● Task instructions: After finding the line that contains "VINTAGE Honda Goldwing", reproduce it and each line below it through the end of the listing, exactly, with nothing added.

● Data excerpts:
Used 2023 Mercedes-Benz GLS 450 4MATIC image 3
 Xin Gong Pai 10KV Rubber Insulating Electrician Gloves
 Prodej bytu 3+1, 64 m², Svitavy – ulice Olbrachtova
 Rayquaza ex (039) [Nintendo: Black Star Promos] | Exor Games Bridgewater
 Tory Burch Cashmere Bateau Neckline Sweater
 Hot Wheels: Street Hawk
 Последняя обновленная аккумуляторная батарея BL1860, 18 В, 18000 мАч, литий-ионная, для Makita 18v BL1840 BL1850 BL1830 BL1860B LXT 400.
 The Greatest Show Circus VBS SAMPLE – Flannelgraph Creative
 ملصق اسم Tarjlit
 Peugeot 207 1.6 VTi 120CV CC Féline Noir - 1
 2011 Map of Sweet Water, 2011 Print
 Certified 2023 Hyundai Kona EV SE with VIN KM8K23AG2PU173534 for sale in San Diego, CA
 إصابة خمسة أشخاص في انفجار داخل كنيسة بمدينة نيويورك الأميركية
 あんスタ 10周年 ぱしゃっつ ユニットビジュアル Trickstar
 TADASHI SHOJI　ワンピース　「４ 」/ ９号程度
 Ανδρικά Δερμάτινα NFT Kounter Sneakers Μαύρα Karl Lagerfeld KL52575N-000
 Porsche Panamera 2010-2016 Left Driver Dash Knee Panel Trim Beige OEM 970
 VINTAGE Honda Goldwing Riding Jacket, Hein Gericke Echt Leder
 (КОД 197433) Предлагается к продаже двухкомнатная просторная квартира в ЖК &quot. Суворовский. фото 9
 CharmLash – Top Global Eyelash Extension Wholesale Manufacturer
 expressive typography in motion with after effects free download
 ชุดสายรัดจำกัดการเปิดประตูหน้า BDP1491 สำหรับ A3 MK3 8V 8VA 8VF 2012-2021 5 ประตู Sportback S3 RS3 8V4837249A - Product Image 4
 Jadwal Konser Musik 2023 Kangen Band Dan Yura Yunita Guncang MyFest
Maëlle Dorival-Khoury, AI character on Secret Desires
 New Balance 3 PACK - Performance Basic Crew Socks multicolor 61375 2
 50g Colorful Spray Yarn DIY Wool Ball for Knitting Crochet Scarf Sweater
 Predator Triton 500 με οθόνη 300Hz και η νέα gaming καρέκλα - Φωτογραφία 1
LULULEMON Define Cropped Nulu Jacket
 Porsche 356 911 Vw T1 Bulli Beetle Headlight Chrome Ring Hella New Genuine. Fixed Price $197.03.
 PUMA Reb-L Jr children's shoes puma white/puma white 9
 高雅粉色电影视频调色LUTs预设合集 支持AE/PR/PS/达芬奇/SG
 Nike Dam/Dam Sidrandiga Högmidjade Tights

● Exercise result:
 VINTAGE Honda Goldwing Riding Jacket, Hein Gericke Echt Leder
 (КОД 197433) Предлагается к продаже двухкомнатная просторная квартира в ЖК &quot. Суворовский. фото 9
 CharmLash – Top Global Eyelash Extension Wholesale Manufacturer
 expressive typography in motion with after effects free download
 ชุดสายรัดจำกัดการเปิดประตูหน้า BDP1491 สำหรับ A3 MK3 8V 8VA 8VF 2012-2021 5 ประตู Sportback S3 RS3 8V4837249A - Product Image 4
 Jadwal Konser Musik 2023 Kangen Band Dan Yura Yunita Guncang MyFest
Maëlle Dorival-Khoury, AI character on Secret Desires
 New Balance 3 PACK - Performance Basic Crew Socks multicolor 61375 2
 50g Colorful Spray Yarn DIY Wool Ball for Knitting Crochet Scarf Sweater
 Predator Triton 500 με οθόνη 300Hz και η νέα gaming καρέκλα - Φωτογραφία 1
LULULEMON Define Cropped Nulu Jacket
 Porsche 356 911 Vw T1 Bulli Beetle Headlight Chrome Ring Hella New Genuine. Fixed Price $197.03.
 PUMA Reb-L Jr children's shoes puma white/puma white 9
 高雅粉色电影视频调色LUTs预设合集 支持AE/PR/PS/达芬奇/SG
 Nike Dam/Dam Sidrandiga Högmidjade Tights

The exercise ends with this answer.